De plus, les permis humanitaires, qui doivent être demandés par l’autorité cantonale, sont octroyés par Berne. Pour les régions les plus “généreuses” (dont Genève fait partie), il arrive que des demandes soient refusées au niveau fédéral malgré un préavis favorable du Canton.
Le cadre légal suisse est donc si serré qu’il n’est pas possible d’entrevoir une solution à un niveau purement juridique. Dès lors, l’approche choisie est de parier sur le Canton. Il s’agit de faire pression sur nos autorités en leur prouvant, dossiers à l’appui, que certains secteurs (tout spécialement l’économie domestique) ne fonctionnent actuellement que grâce au travail des Sans-Papiers. L’idée est d’exercer une pression suffisamment forte sur le Conseil d’État pour qu’il prenne une décision non pas juridique mais politique. Nous voulons que nos autorités interpellent Berne, et fassent une demande extraordinaire de permis B hors contingent, pour régulariser les travailleurs sans statut légal.

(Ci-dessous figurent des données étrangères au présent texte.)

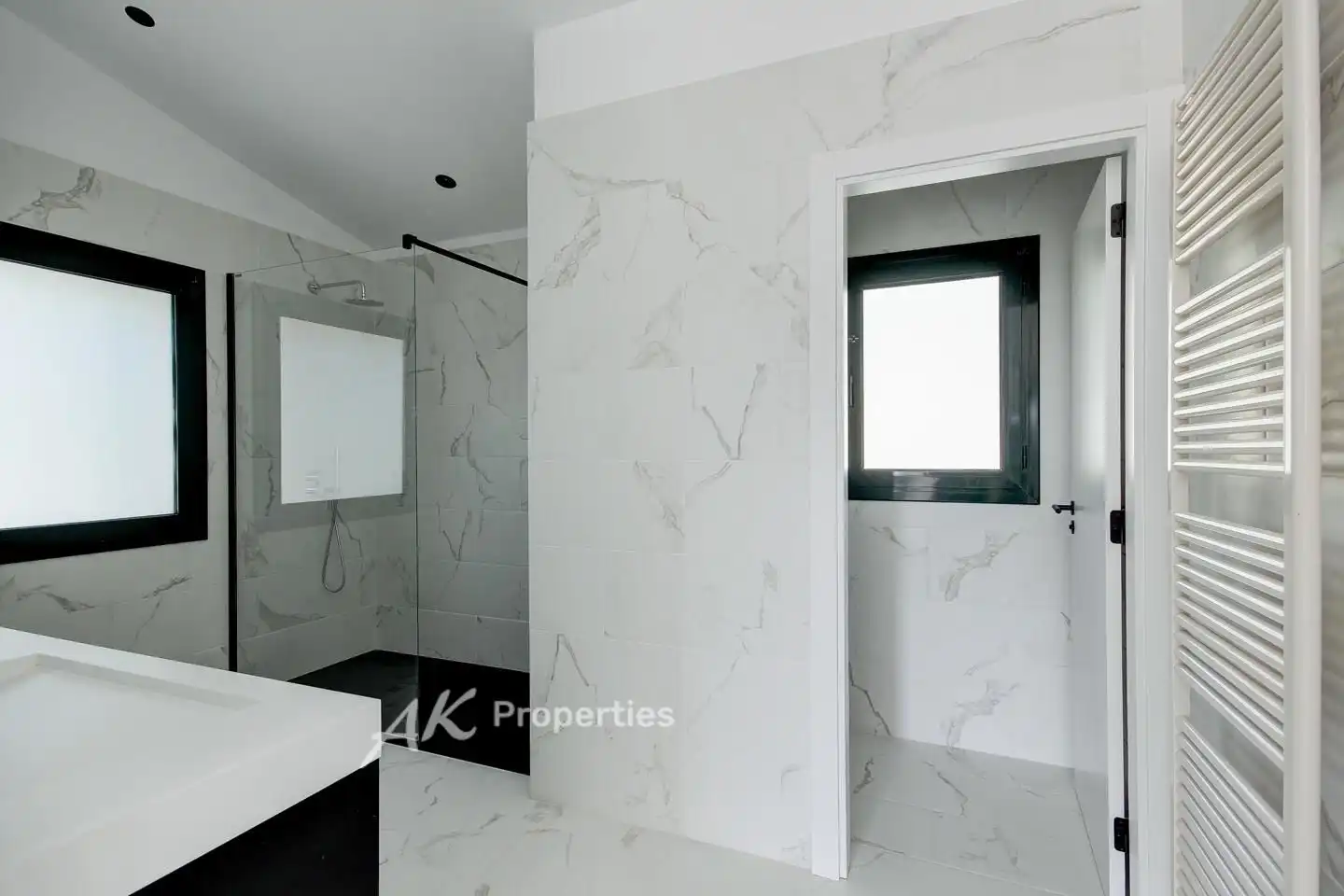 Badezimmer von Haus oder Chalet zur Miete in Castelldefels mit Klimaanlage, Privatgarten und Terrasse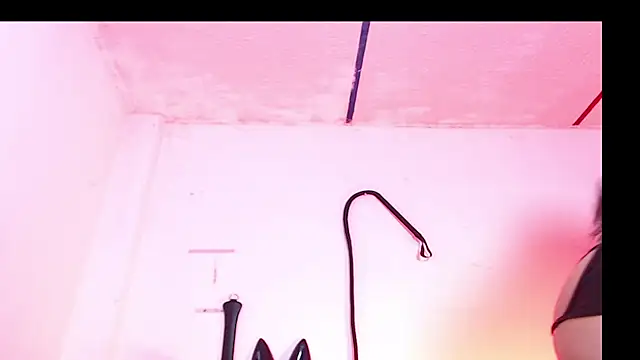 Girl_Bondage Live Chatraum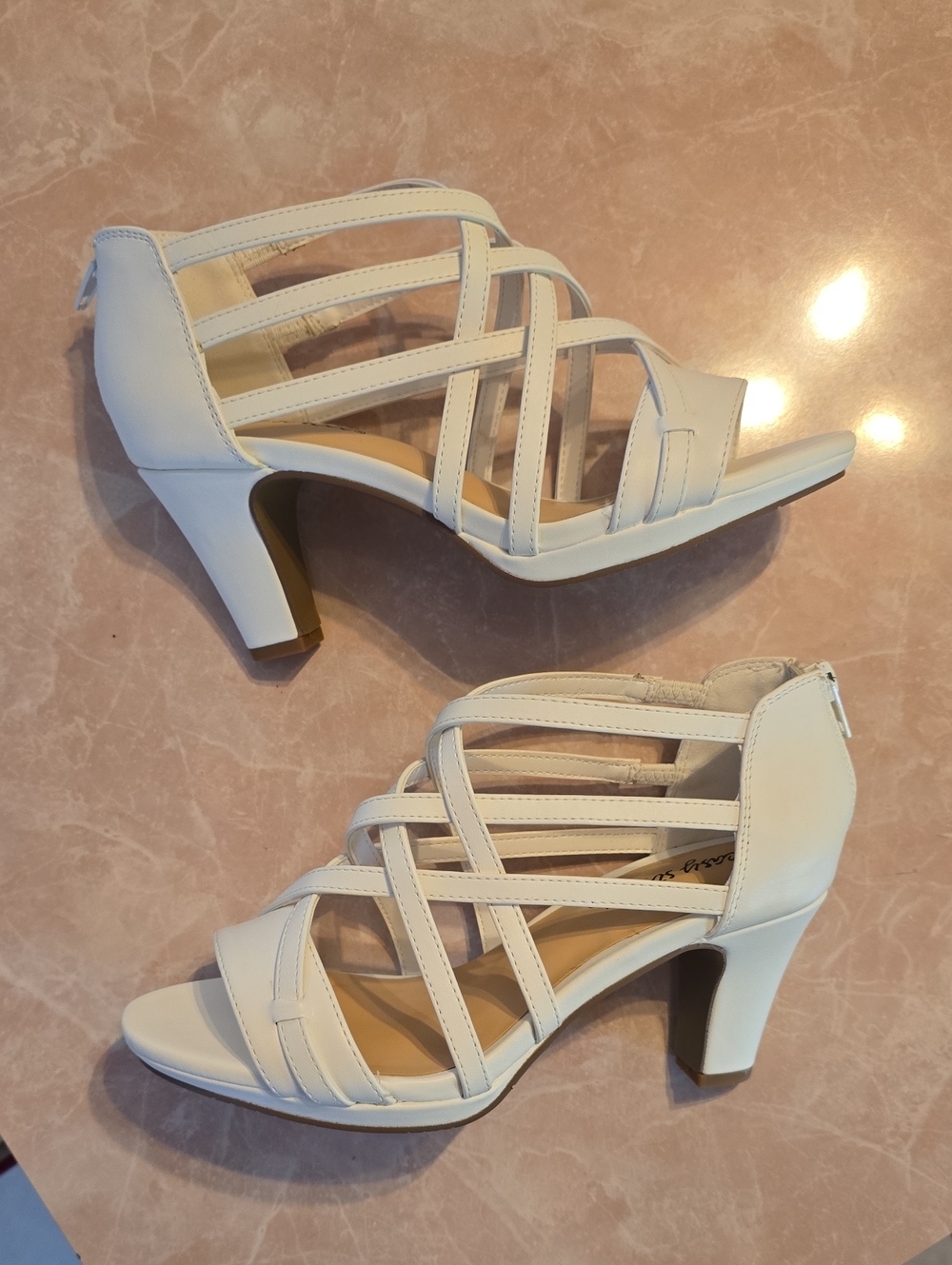 Easy Street Women's "Bee" White Heels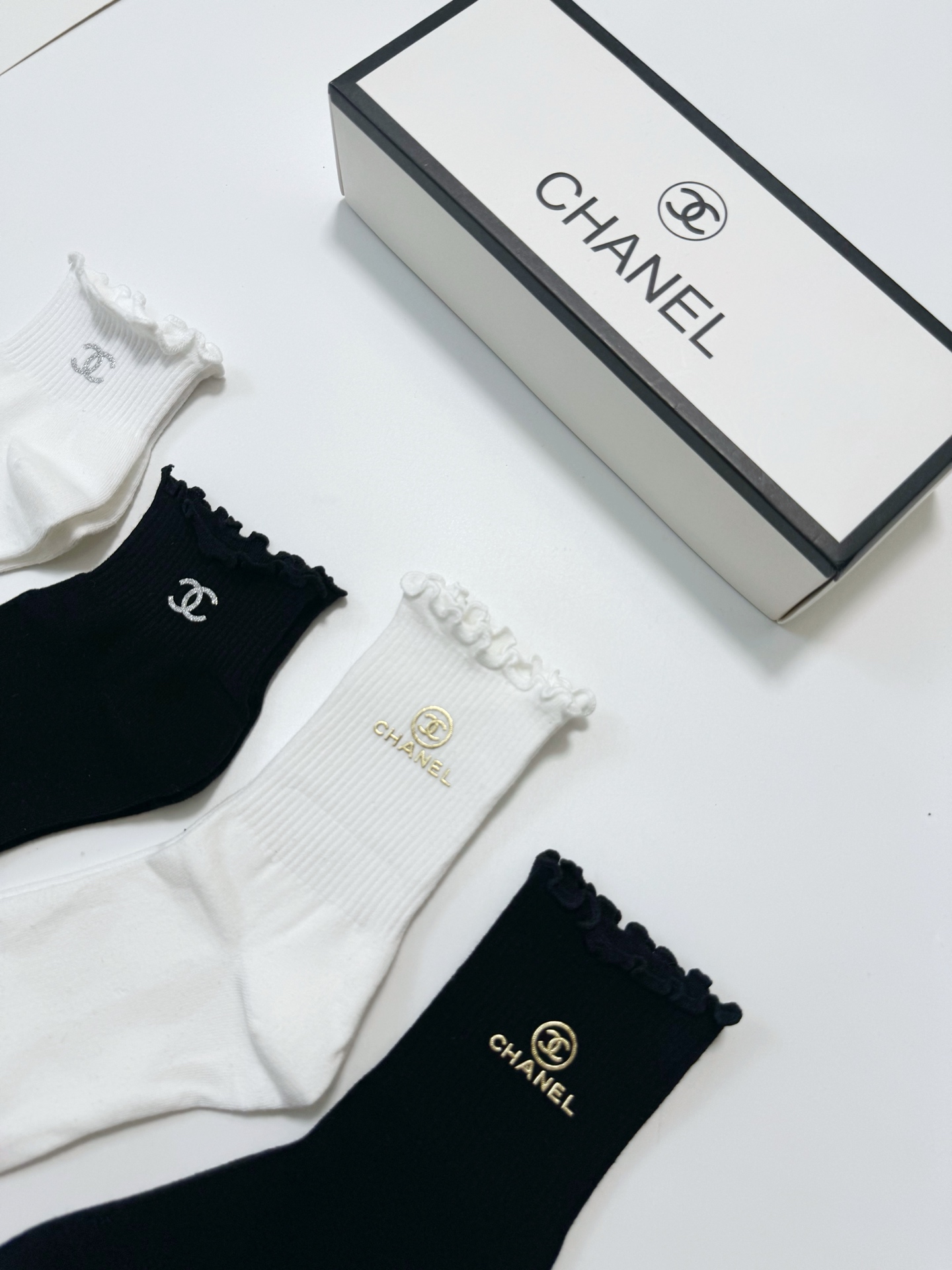 配包装 🌟【一盒4 双】 🌟Chanel 香奈儿 经典字母logo 透气纯棉花边短筒袜 ,ins超火爆红人同款,精美 配包装 🌟【一盒4 双】 🌟Chanel 香奈儿 经典字母logo 透气纯棉花边短筒袜 ,ins超火爆红人同款,精美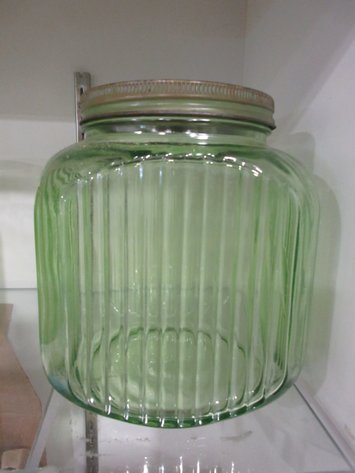 Image for Green glass kitchen jar with lid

L’économie domestique, fer de lance de la stratégie
Le manque reconnu d’infrastructures (places dans les crèches ou dans les EMS), le nombre élevé de familles ayant recours au travail clandestin (on estime que cela concerne plus de 20’000 foyers !) seront autant d’éléments à même d’étayer nos revendications. Combien de personnes issues des milieux politiques et des média, pour ne citer qu’eux, ont recours aux services d’une femme de ménage ? Il sera difficile pour certain-e-s de ne pas entrer en matière sur des solutions alors que le problème les touche directement en tant qu’employeur de travailleurs clandestins. L’idée est donc de mettre l’économie domestique au centre de nos revendications, et que les réponses apportées dans ce domaine fassent tache d’huile dans d’autres secteurs.
Pas de critère initial mais un objectif final
Toute personne sans papiers peut participer à l’opération. Le dépôt de dossier est donc possible quelle que soit la nationalité, la durée de séjour en Suisse ou l’activité professionnelle exercée. Un important travail syndical devra se faire pour que les conditions de travail (la plupart du temps abusives) soient adaptées aux conventions collectives existantes. Les employeurs devront se conformer à ces exigences ou renoncer à leurs employé-e-s. Les syndicats feront leur possible pour replacer les personnes qui n’auraient plus de travail dans un autre secteur économique. Au bout du compte, les permis seront délivrés aux personnes en emploi pour autant que leur travail respectent les normes en matière d’horaire et de salaire.
Le Collectif de soutien aux Sans-Papiers de Genève a décidé d’appuyer l’initiative du SIT. C’est donc au nom du Collectif de soutien que seront déposés les dossiers des Sans-Papiers, conformément au voeu exprimé par l’organisation des travailleuses et travailleurs sans statut légal (CTSSL).
Même en obtenant gain de cause auprès des autorités (ce qui exigera déjà une forte mobilisation), il ne sera sans doute pas possible d’obtenir un emploi conforme aux conventions collectives pour tous les Sans-Papiers actuellement présent-e-s à Genève. Il y a en outre parmi les travailleuses sans statut légal des femmes qui n’ont que quelques heures de ménage par semaine. Même correctement payées, elles ne peuvent pas en vivre. Il ne faut pas se voiler la face : les permis B ne seront pas octroyés (ou renouvelés) de façon plus généreuse pour les Sans-Papiers que pour les migrant-e-s légalement établi-e-s. C’est pourquoi il importe, parallèlement au dépôt de ces dossiers, de continuer à se battre sur le front des lois migratoires, notamment contre la LEtr et la LAsi.